• The data:

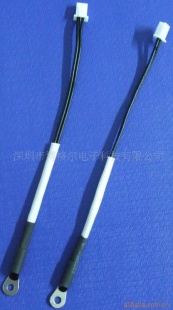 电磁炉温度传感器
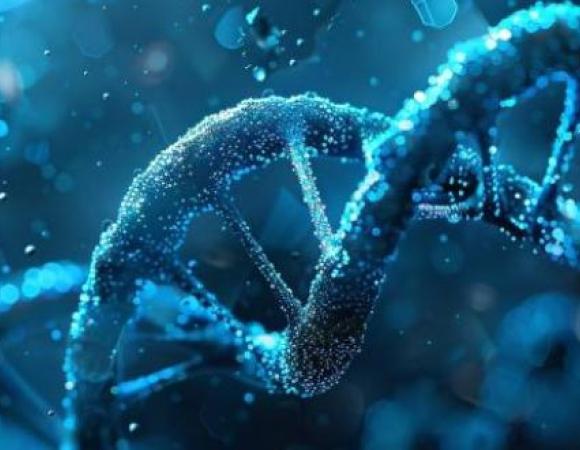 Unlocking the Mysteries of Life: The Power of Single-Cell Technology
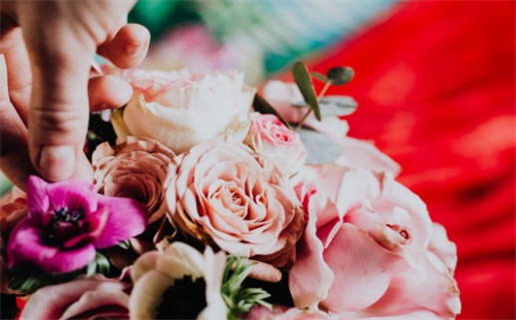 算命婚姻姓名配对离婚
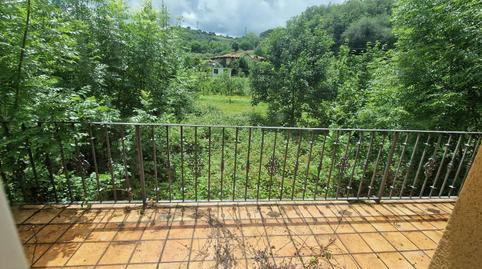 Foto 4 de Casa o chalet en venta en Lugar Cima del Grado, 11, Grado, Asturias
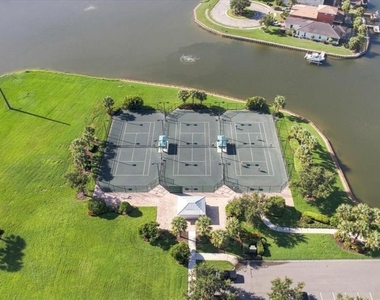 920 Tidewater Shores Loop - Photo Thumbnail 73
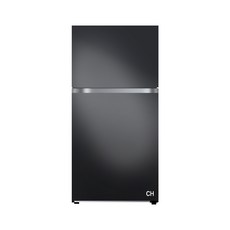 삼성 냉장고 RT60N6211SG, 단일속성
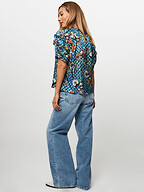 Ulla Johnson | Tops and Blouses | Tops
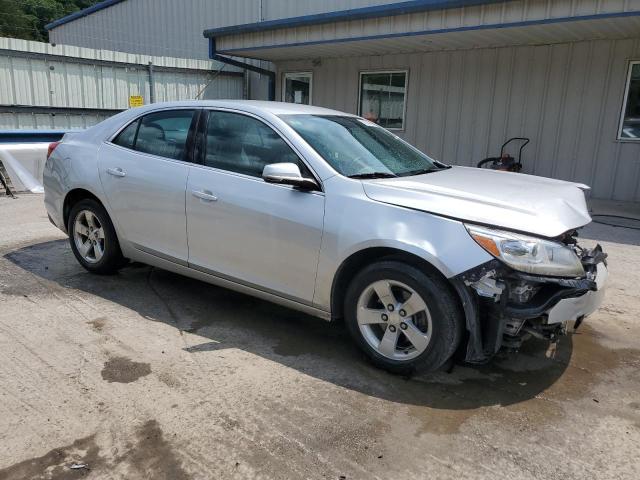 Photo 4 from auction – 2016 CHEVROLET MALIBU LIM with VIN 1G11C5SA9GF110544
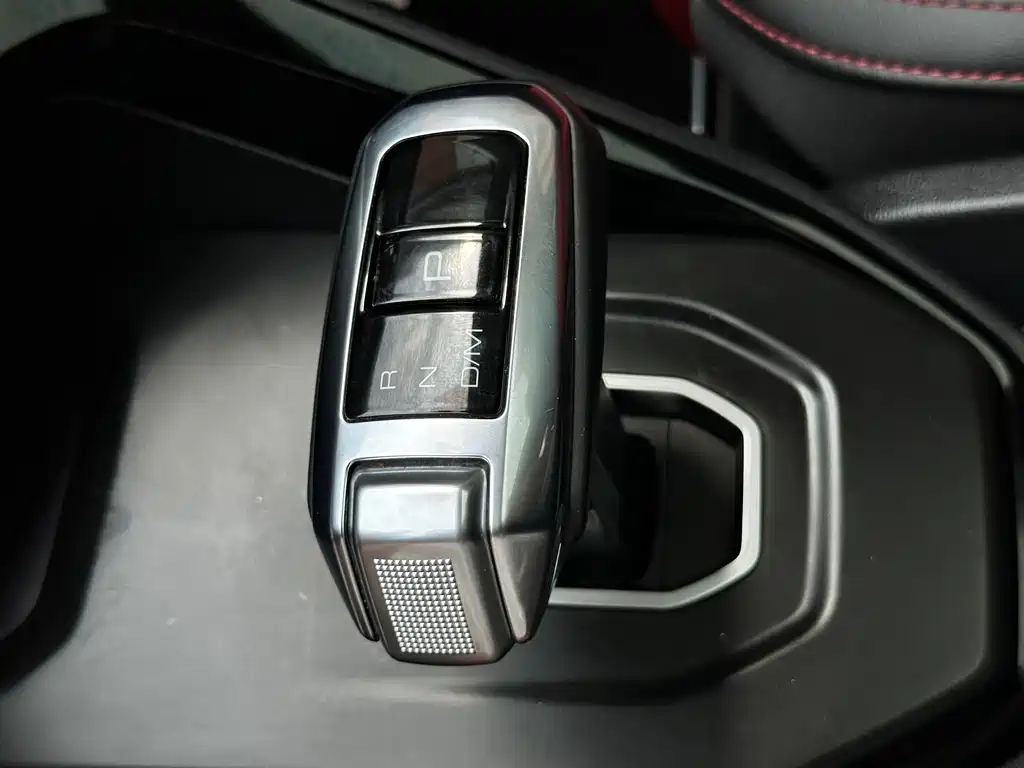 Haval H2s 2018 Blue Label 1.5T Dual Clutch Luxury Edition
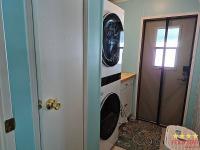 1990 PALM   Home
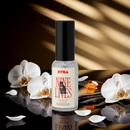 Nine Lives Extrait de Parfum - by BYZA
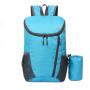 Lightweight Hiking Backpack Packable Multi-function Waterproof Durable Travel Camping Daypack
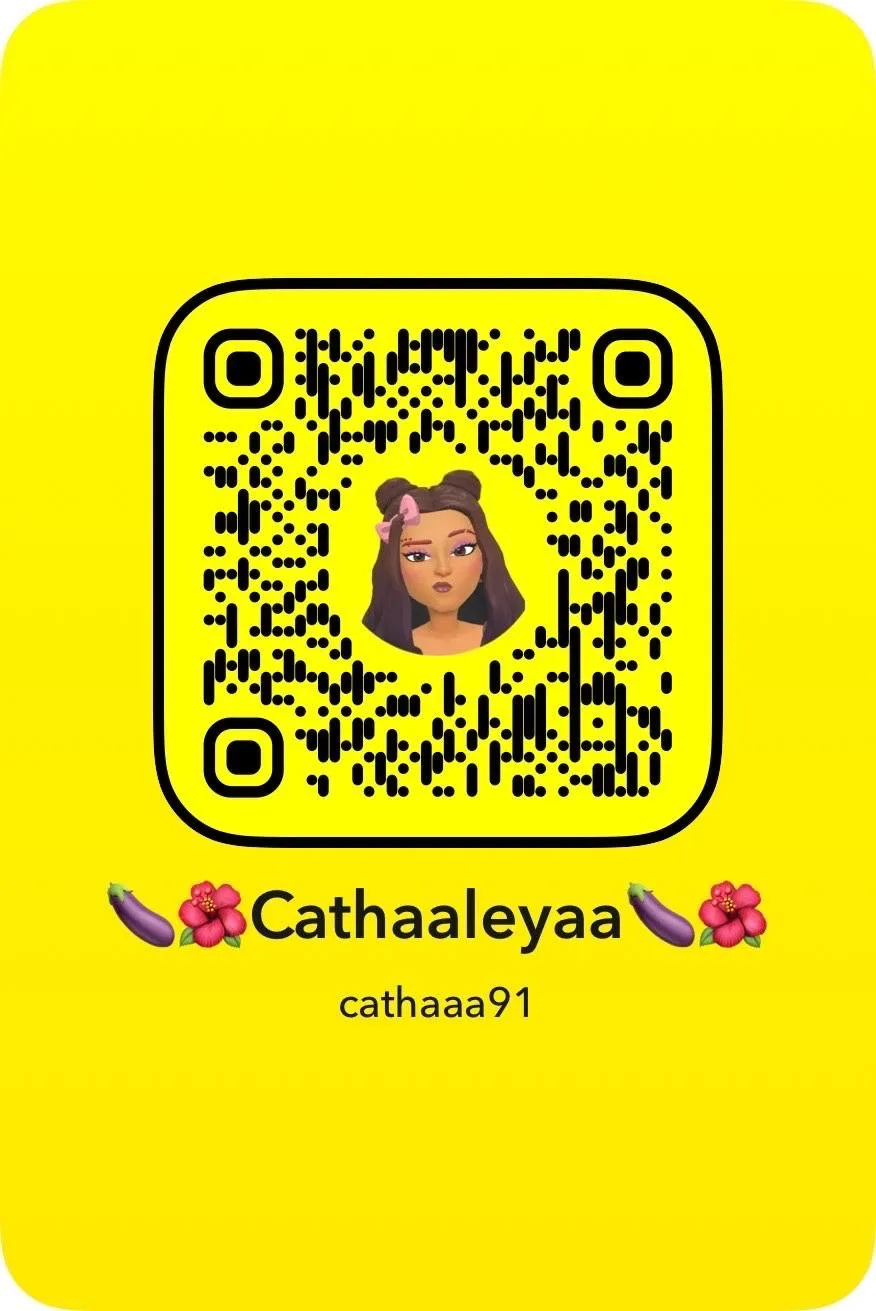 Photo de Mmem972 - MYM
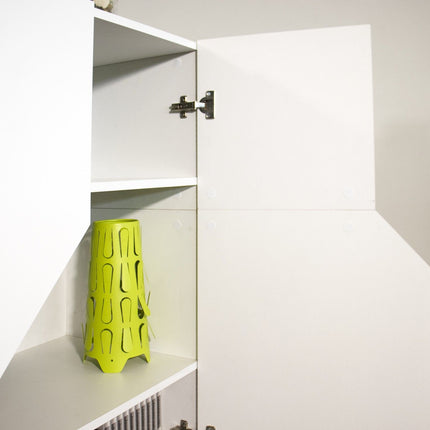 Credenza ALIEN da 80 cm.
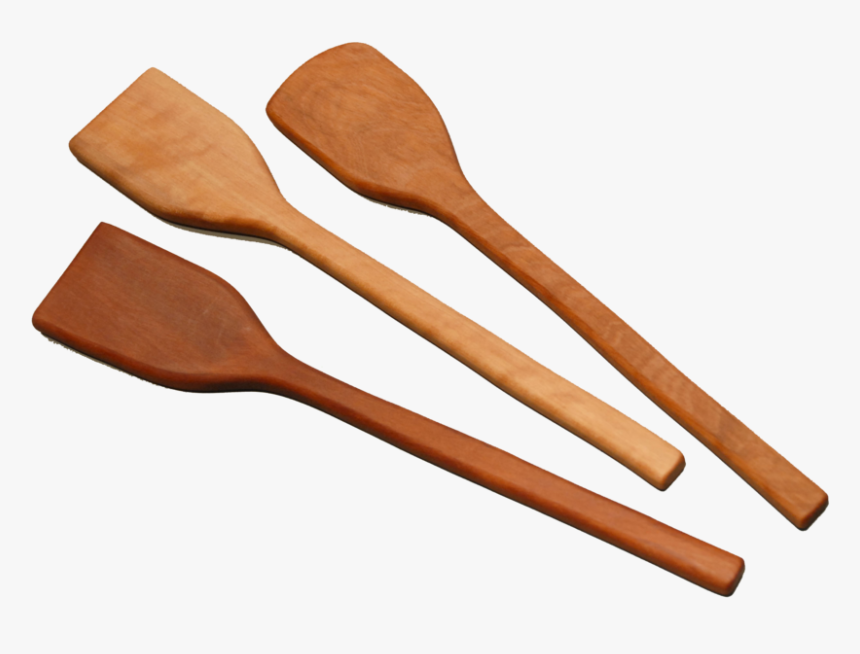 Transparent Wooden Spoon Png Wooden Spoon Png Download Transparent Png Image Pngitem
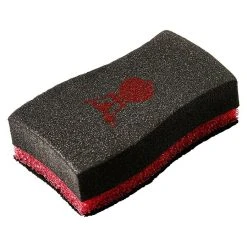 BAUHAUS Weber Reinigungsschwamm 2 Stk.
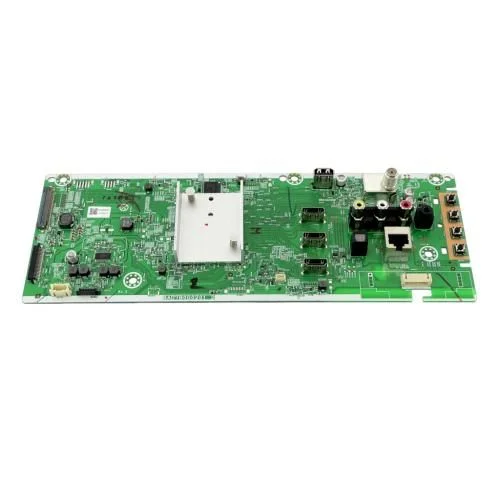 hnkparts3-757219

• Exercise details: Repeat each line of the listing word for word, from the first through the line that contains "Lightweight Hiking Backpack". Any picture stays out.

• Answer for the task:
 电磁炉温度传感器
 Unlocking the Mysteries of Life: The Power of Single-Cell Technology
 算命婚姻姓名配对离婚
 Foto 4 de Casa o chalet en venta en Lugar Cima del Grado, 11, Grado, Asturias
 920 Tidewater Shores Loop - Photo Thumbnail 73
 삼성 냉장고 RT60N6211SG, 단일속성
 Ulla Johnson | Tops and Blouses | Tops
 Photo 4 from auction – 2016 CHEVROLET MALIBU LIM with VIN 1G11C5SA9GF110544
 Haval H2s 2018 Blue Label 1.5T Dual Clutch Luxury Edition
 1990 PALM   Home
 Nine Lives Extrait de Parfum - by BYZA
 Lightweight Hiking Backpack Packable Multi-function Waterproof Durable Travel Camping Daypack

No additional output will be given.